В "Идиоте" рассказанная Мышкиным история швей–царской поселянки Мари, соблазненной проезжим коммивояжером и ненавидимой односельчанами, звучит как предвестье мучительных "страстей" главной героини романа — Настасьи Филипповны. Целуя бедную Мари, говоря о вере в ее чистоту, Мышкин словно приуготовляет свои отношения с Настасьей Филипповной. Истории грехопадений повторяются, а святость падших душ остается тайной для равнодушного мира. Мышкину дано особое зрение, он стремится наделить им и других людей, но тщетно. Лишь дети способны расслышать его тихую проповедь и полюбить Мари, которую они прежде травили (вспомним детей — сочувствующих свидетелей безумия и гибели героинь у Карамзина, Пушкина, Дельвига, Козлова).
В "Бесах" аранжировка темы бедной Лизы становится особенно изощренной. О блаженной затворнице Лизавете рассказывает Марья Тимофеевна Лебядкина — одна из странных жертв Николая Ставрогина. Образ самой Марьи Тимофеевны ориентирован двояко, она сродни и почти святой Лизавете — затворнице, и Лизе Тушиной, новой "мечте" Ставрогина. Чистота и греховность, святость и бесноватость проступают как возможные итоги судьбы героини. Параллель Марья Тимофеевна— Лиза Тушина проводится Достоевским настойчиво, хотя и не грубо. Здесь важна хромота Лебядкиной, перекликающаяся с возможной воображаемой хромотой Тушиной (в подготовительных материалах к роману мотив этот был развит гораздо подробнее, напомним, что хромота — почти непременный атрибут беса).

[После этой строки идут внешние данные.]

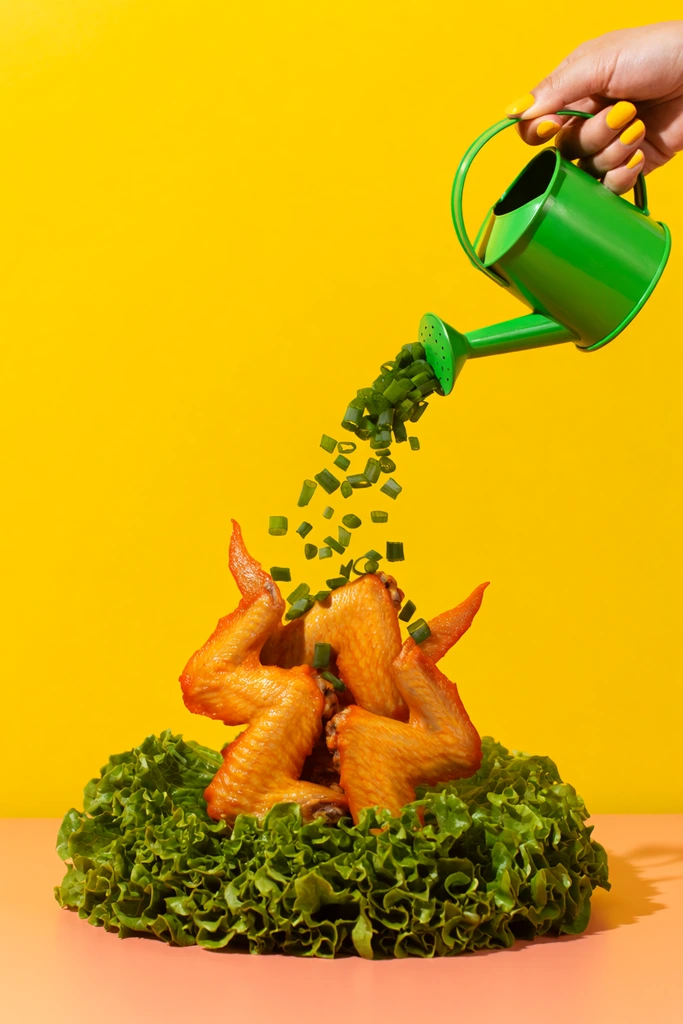 Surreal food photography, hand with yellow fingernails holding a bright green watering can pouring chopped green scallions, tight cluster of glossy golden-orange cooked chicken wings standing vertically below, wings planted in a dense bed of fresh curly green lettuce, solid vibrant yellow background, smooth peach-colored table surface, bold pop art aesthetic, bright studio lighting, highly saturated contrasting colors, playful composition
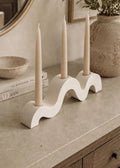 Handmade wave candle holder styled on a neutral stone table in a modern home interior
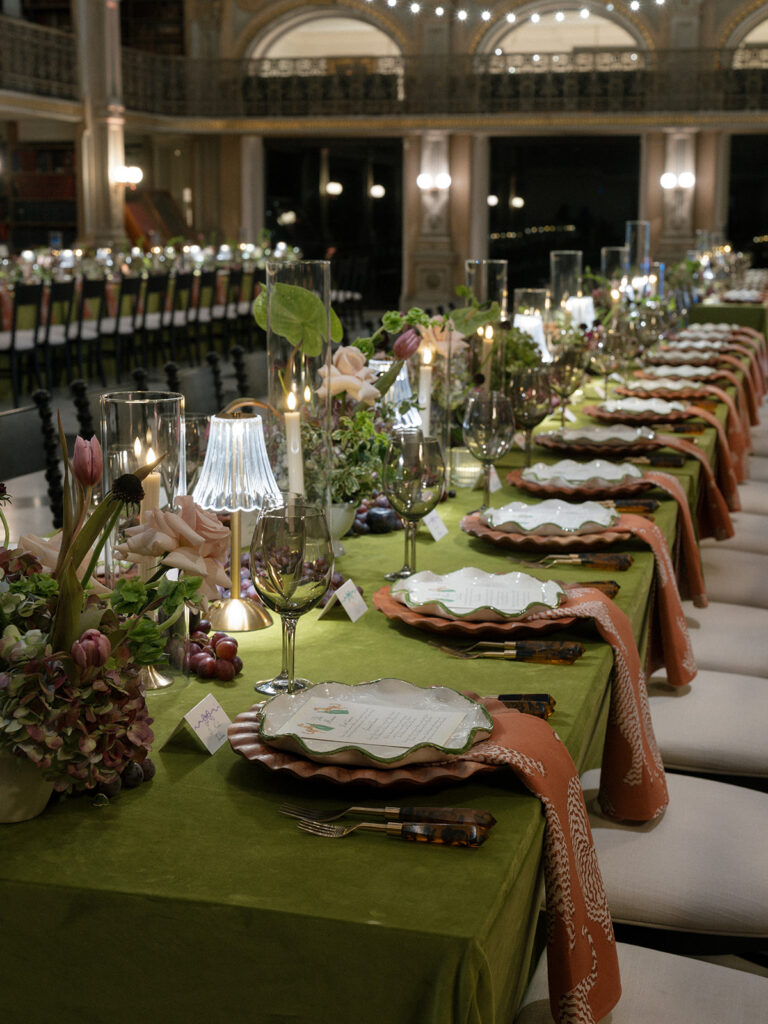 Long reception table with layered place settings, candlelight, florals, and custom details inside the George Peabody Library.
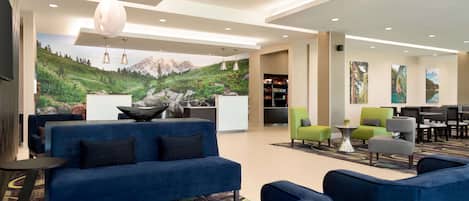 A modern hotel lobby with a blue sofa, green armchairs, a dining area, and a mural of a mountain landscape.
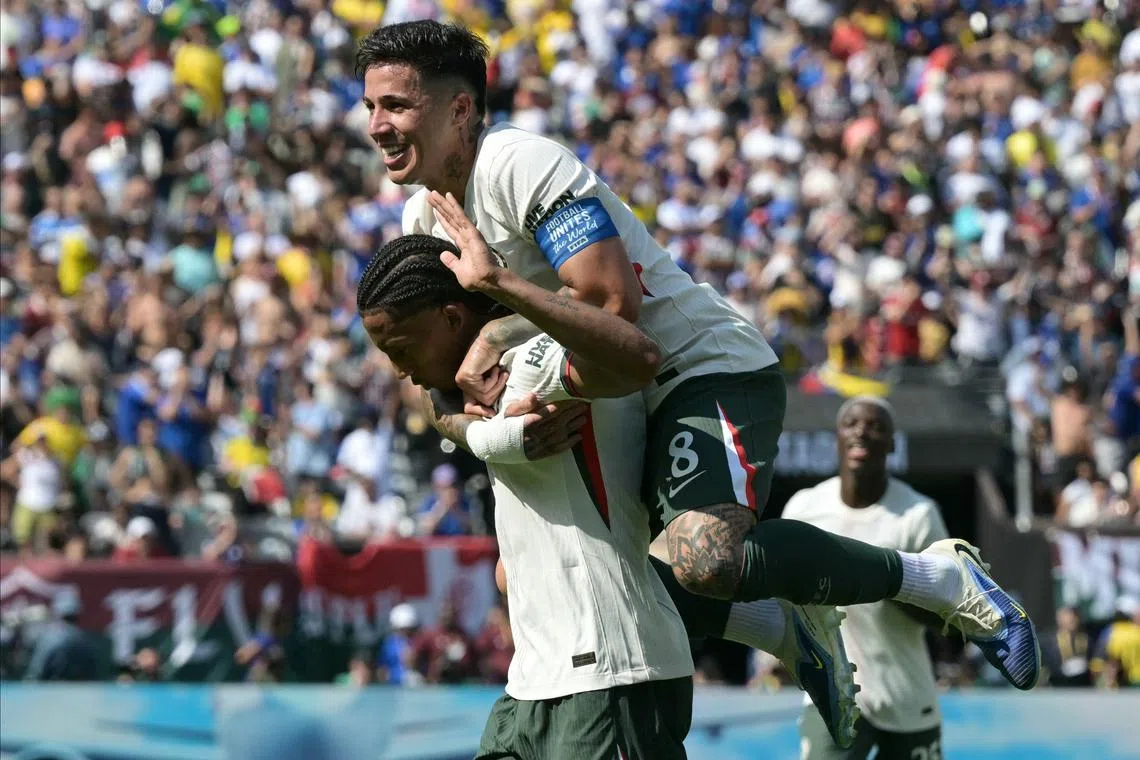 Chelsea's Brazilian forward Joao Pedro celebrates scoring his team's second goal with Argentinian midfielder Enzo Fernandez.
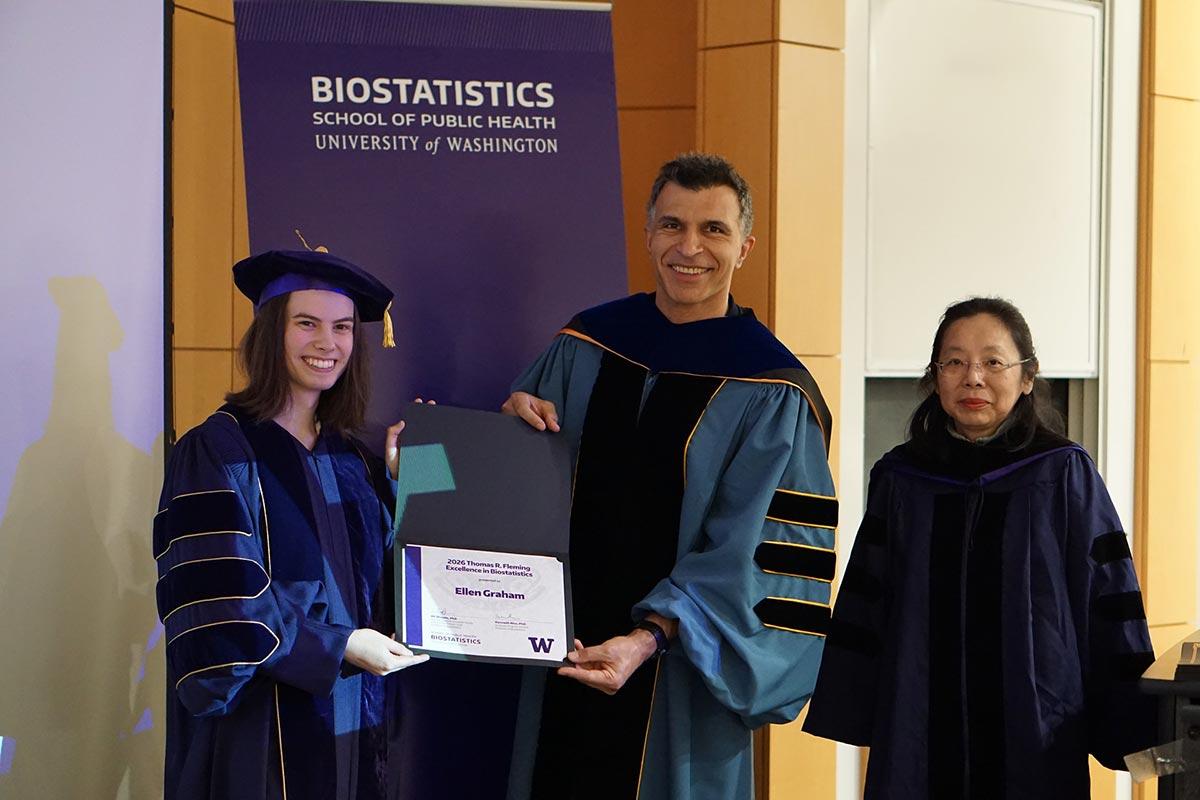 Ellen Graham holds award, pictured with Ali Shojaie and Lurdes Inoue
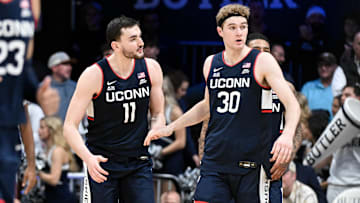 Connecticut Huskies forward Alex Karaban (11) and forward Liam McNeeley (30)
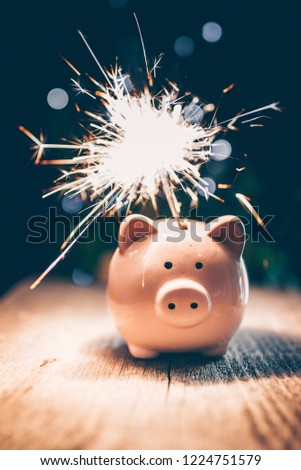 Piggy Bank with Sparkling Bengal Flamer on Wooden Table. Christmas and Happy New Year Festive Background with Bokeh Lights and Decorations. Royalty-Free Stock Photo #1224751579
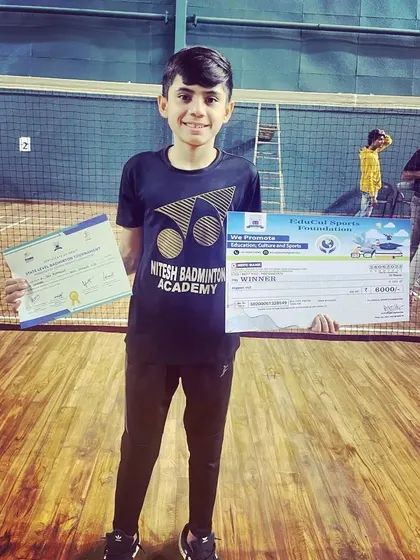One of my promising young players with his winner's certificate and prize from a local tournament. We nurture talent from the very beginning of their competitive journey.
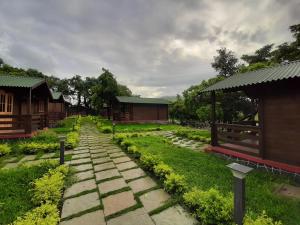 a stone path in a garden with buildings in the background at Cocorico Stay Ya! Cottages Alibag in Alibaug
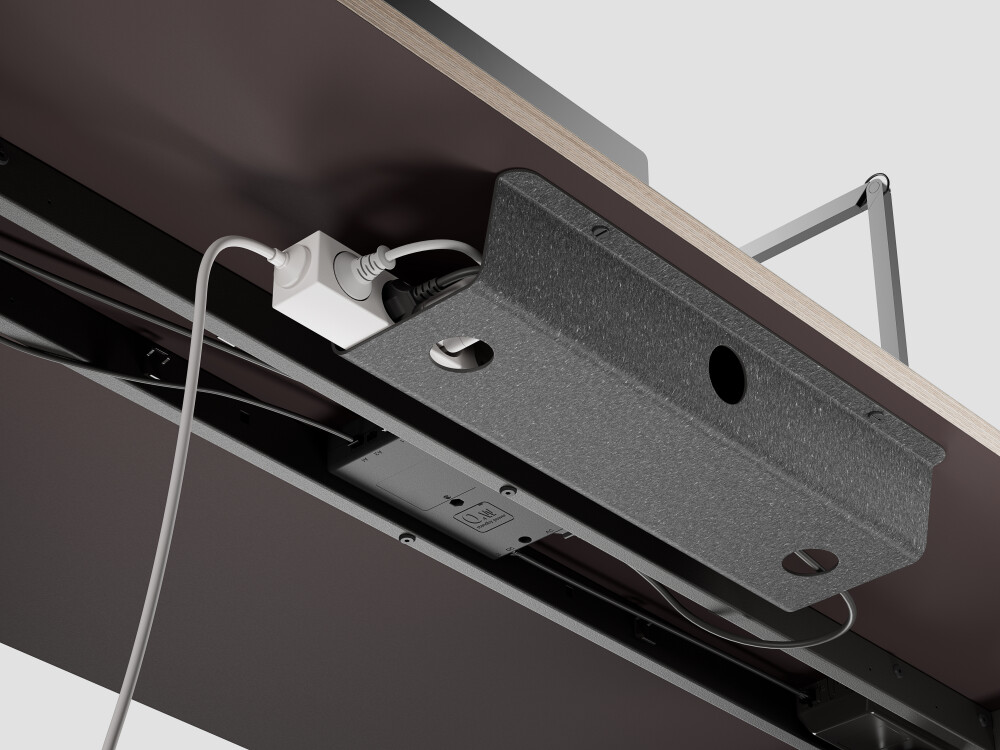 Lino cable tray under ATS desk, provides space for power strips, power supplies and cables, made of linoleum on the inside and Lefa on the outside.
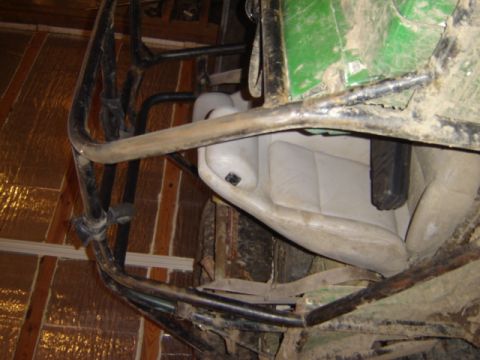 1992 Ford Bronco - Interior view of a modified off-road vehicle with a prominent roll cage and bucket seat.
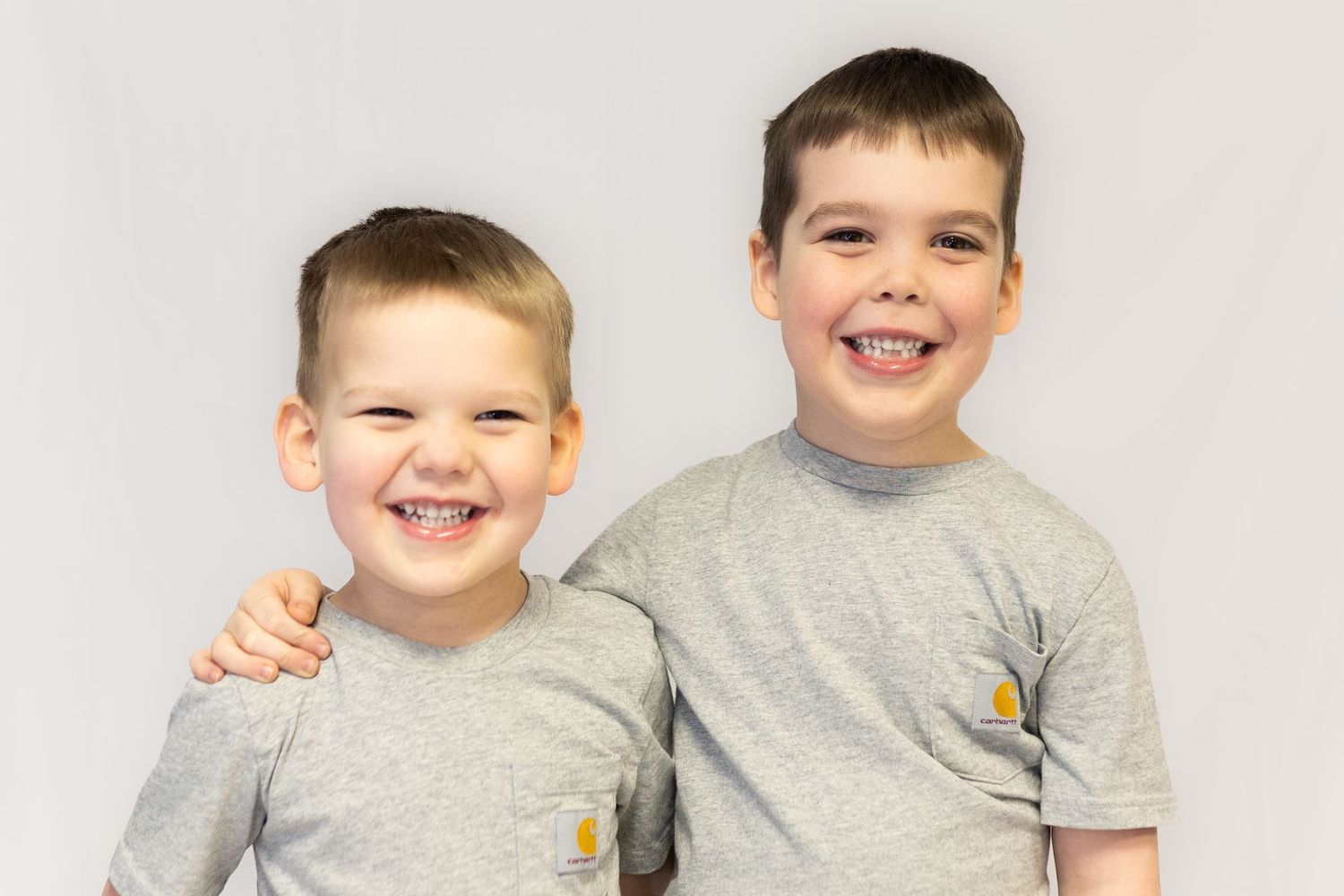 Two smiling brothers in matching grey Carhartt t-shirts posing for portrait photo.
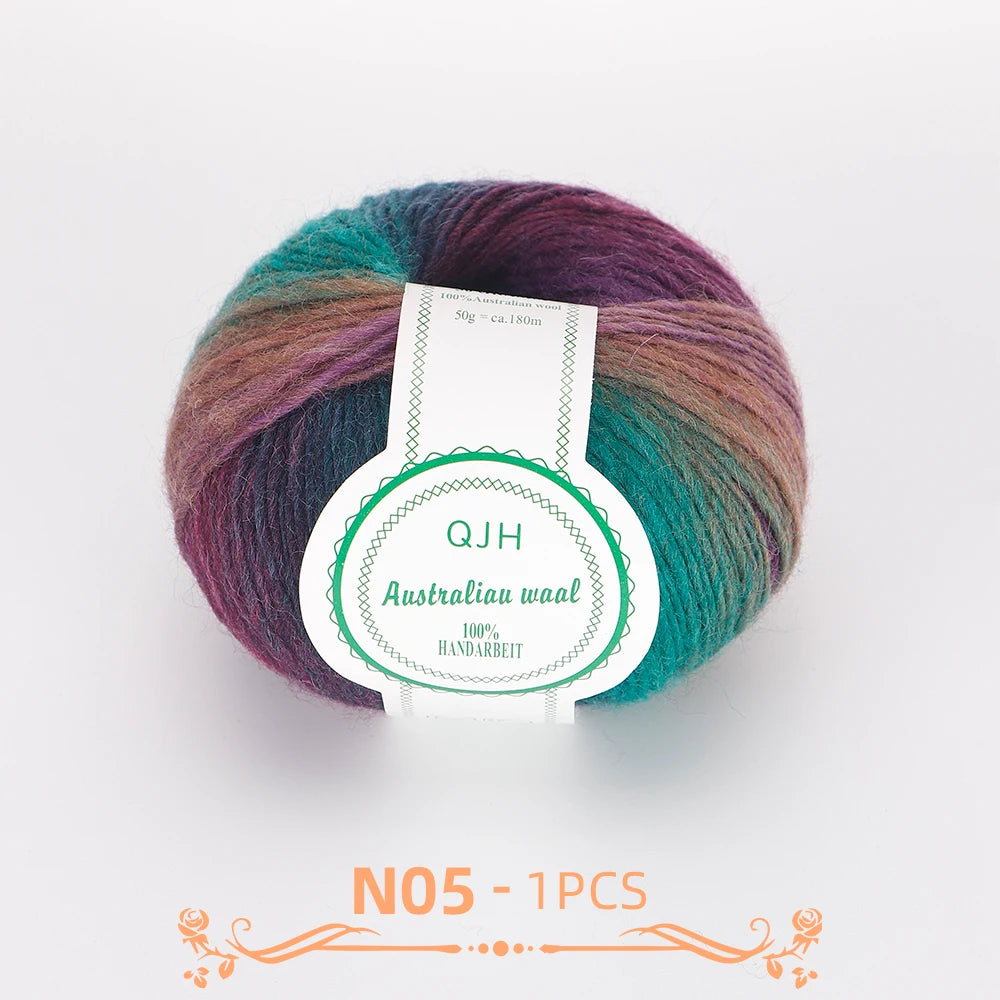 A ball of multi-colored wool yarn featuring shades of teal, green, purple, and brown.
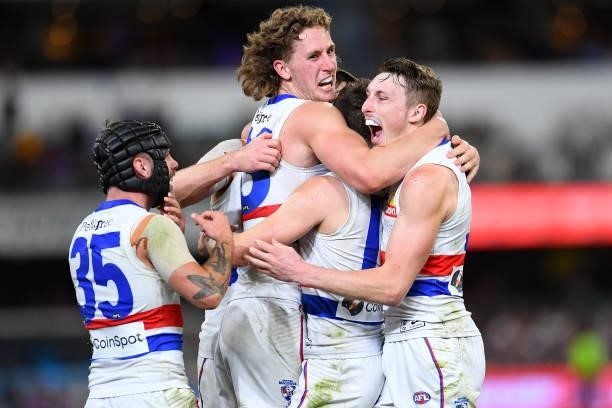 Western Bulldogs celebrate victory during the AFL 1st Semi Final match between the Brisbane Lions and the Western Bulldogs at The Gabba on September...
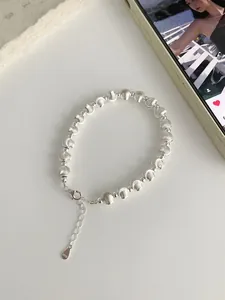 Detail of S925 sterling silver beaded bracelet with polished and brushed textures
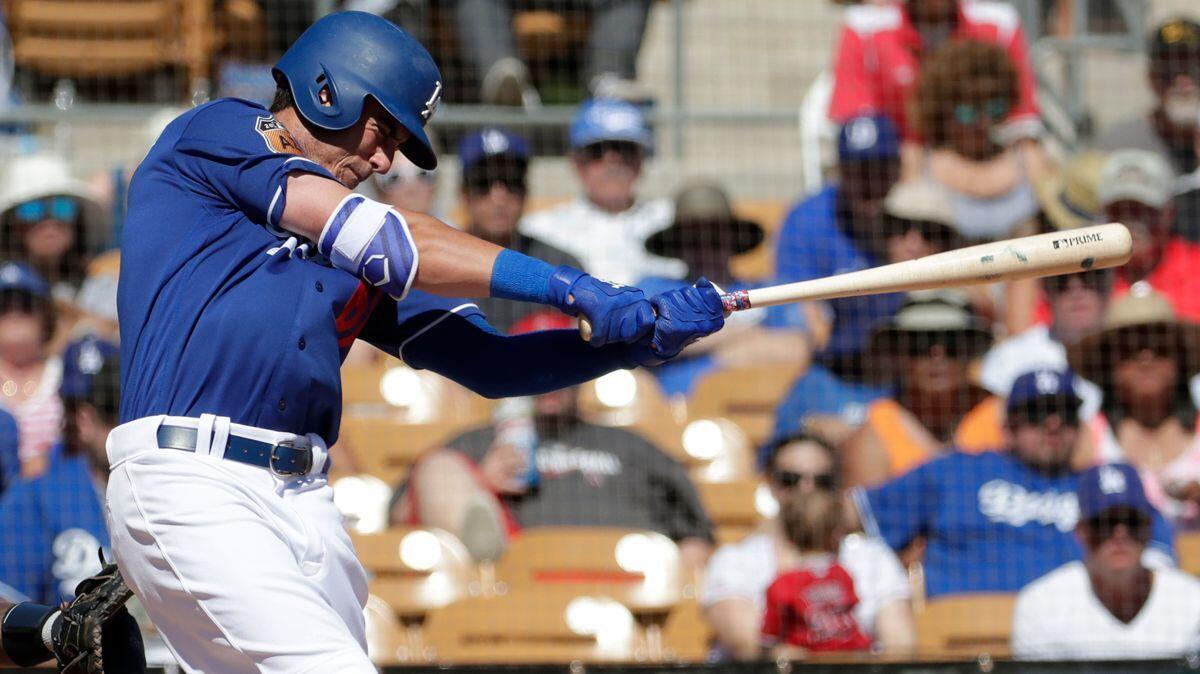 Dodgers' Cody Bellinger hits against the Angels during the second inning of a spring training game on March 11 in Phoenix.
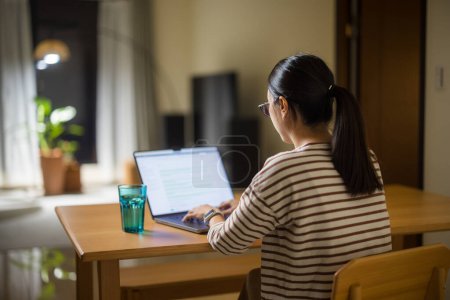 Téléchargez les photos : Femme formulaire de travail à la maison avec ordinateur portable dans la soirée - en image libre de droit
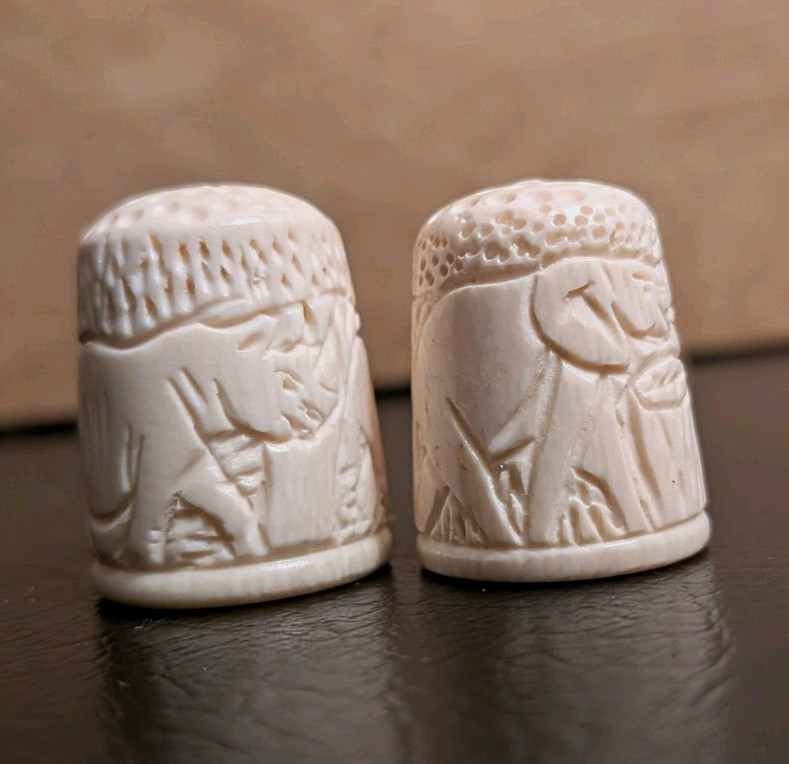 Pair of White Carved Bovine Bone Scene Sewing Thimbles, Saharan Animal Motif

Сюжетно соблазнение Лизы Ставрогиным (ночь в Скворешниках) совпадает с убийством Лебядкиных. Жизнью своей странной жены (напомним, что девственность Марьи Тимофеевны оговорена специально) Ставрогин платит за "новую надежду", за странную ночь с Лизой (произошло ли физическое грехопадение этой героини, мы с определенностью не знаем). Смерть Лебядкиной оказывается причиной смерти Лизы Тушиной (в почти бредовом состоянии приходит она на место убийства и падает жертвой негодующей толпы). Грехопадение, отчуждение, безумие, смерть связываются в единую цепь, бытие одной героини перетекает в бытие другой. Грани между преступлением мысли и преступлением собственно, между самоубийством и убийством тают на глазах. И хотя образ Марьи Тимофеевны после ее смерти почти освобождается от груза негативных ассоциаций, а демонизм Лизы перед ее гибелью становится особенно зримым, это не итог, не окончательное решение. Характерно, что при встрече со Степаном Трофимовичем, непосредственно предшествующей ее гибели, Лиза произносит: "Помолитесь и вы за "бедную" Лизу — так, немножко, не утруждайте себя очень" — и сразу после этого именует его "ребенком" ("детскость" старшего Верховенского подчеркивается на протяжении всего романа). "Дитя" — идеалист Степан Трофимович провожает героиню в ее самоубийственный поход. Отсылка к Карамзину в реплике Лизы окрашена демонической иронией, но сквозь нее пробивается и другой, высокий смысл, как ни странно, но Лиза Тушина действительно бедная, поруганная, чистая, хоть чистота ее никому, кроме влюбленного Маврикия Николаевича и детски простодушного Степана Трофимовича, и не видима.
В "Идиоте" и "Бесах" Достоевский далеко уходит от "источника", может сложиться даже впечатление, что писатель не помнит его вовсе. Заметим, однако, что в обоих романах присутствуют "случайные" ассоциативные переклички с Карамзиным. Так, история Мари разыгрывается в Швейцарии, грубая реальность накладывается на пасторальную идиллию, точно ассоциирующуюся в российском сознании с автором "Писем русского путешественника". Не менее любопытно, что в "Картузове" (одном из предварительных и несостоявшихся вариантов "Бесов") будущая Лиза Тушина именуется Лизой Кармазиной (звуковая ассоциация вполне отчетлива). Цитата в реплике Лизы Тушиной замыкает круг реминисценций и утверждает его закономерность.